Die Leistungen der E. sind trotz allem beachtlich und um so höher einzuschätzen, als sie trotz schwerer Mängel an den Anlagen und bei dem rollenden Material zustande kommen. Im Jahre 1956 betrug die gesamte Transportleistung im Güterverkehr (alle Verkehrszweige) 33,5 Mrd. Tonnen-Kilometer, von denen 27,3 Mrd. (= 81,5 v. H.) von der E. abgewickelt wurden (1950: 18,6 Mrd. tkm, davon E. 15,1 tkm). Im Personenverkehr wurde mit rd. 1 Mrd. beförderter Personen der Vorkriegsstand bereits überschritten. Die Hauptaufgabe der E. muß vorläufig noch darin bestehen, ihre Leistungen den wachsenden Transportanforderungen anzupassen.

 

Literaturangaben

  • Olbrich, Paul: Die Fahrzeugwirtschaft bei der „Deutschen Reichsbahn“ der sowjetischen Besatzungszone. (Mat.) 1955. 88 S. m. 14 Tab. u. 10 Anlagen.
  • Olbrich, Paul: Betrieb und Verkehr bei der „Deutschen Reichsbahn“ in der sowjetischen Besatzungszone. (Mat.) 1957. 72 S. m.
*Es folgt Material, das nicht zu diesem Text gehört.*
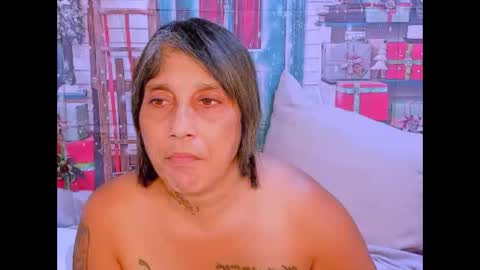 Snapshot of indianroxy27 chatting on 12-04-25, 12:14 indianroxy27 online show from 12-04-25, 12:14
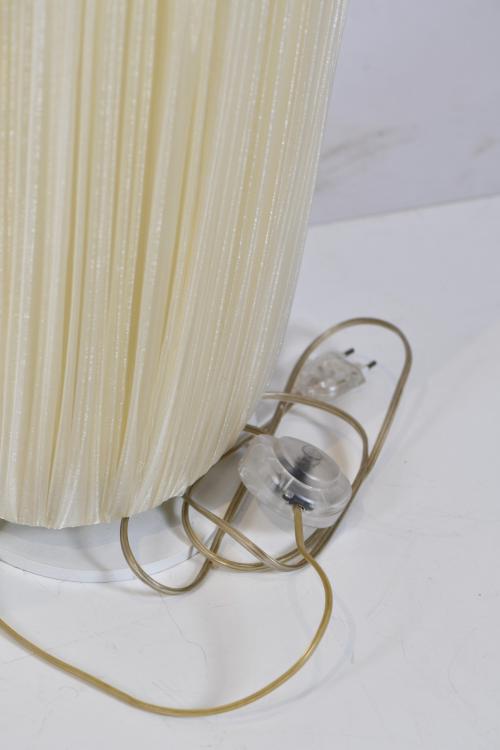 BE & BO FURNITURE DESIGN. Lámpara de pie, siglo XX.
Anlagen.
  • Seidel, Wolfgang: Verkehrswirtschaft und Verkehrspolitik in der sowjetischen Besatzungszone. (Mat.) 1953. 235 S. m. 72 Tab. u. 9 Schaubildern.

 

Fundstelle: SBZ von A bis Z. Vierte, überarbeitete und erweiterte Auflage, Bonn 1958: S. 83–84


 

Information

Dieser Lexikoneintrag stammt aus einer Serie von Handbüchern, die zwischen 1953 und 1985 in Westdeutschland vom Bundesministerium für gesamtdeutsche Fragen (ab 1969 Bundesministerium für innerdeutsche Beziehungen) herausgegeben worden sind.

Der Lexikoneintrag spiegelt den westdeutschen Forschungsstand zum Thema sowie die offiziöse bundesdeutsche Sicht auf das Thema im Erscheinungszeitraum wider.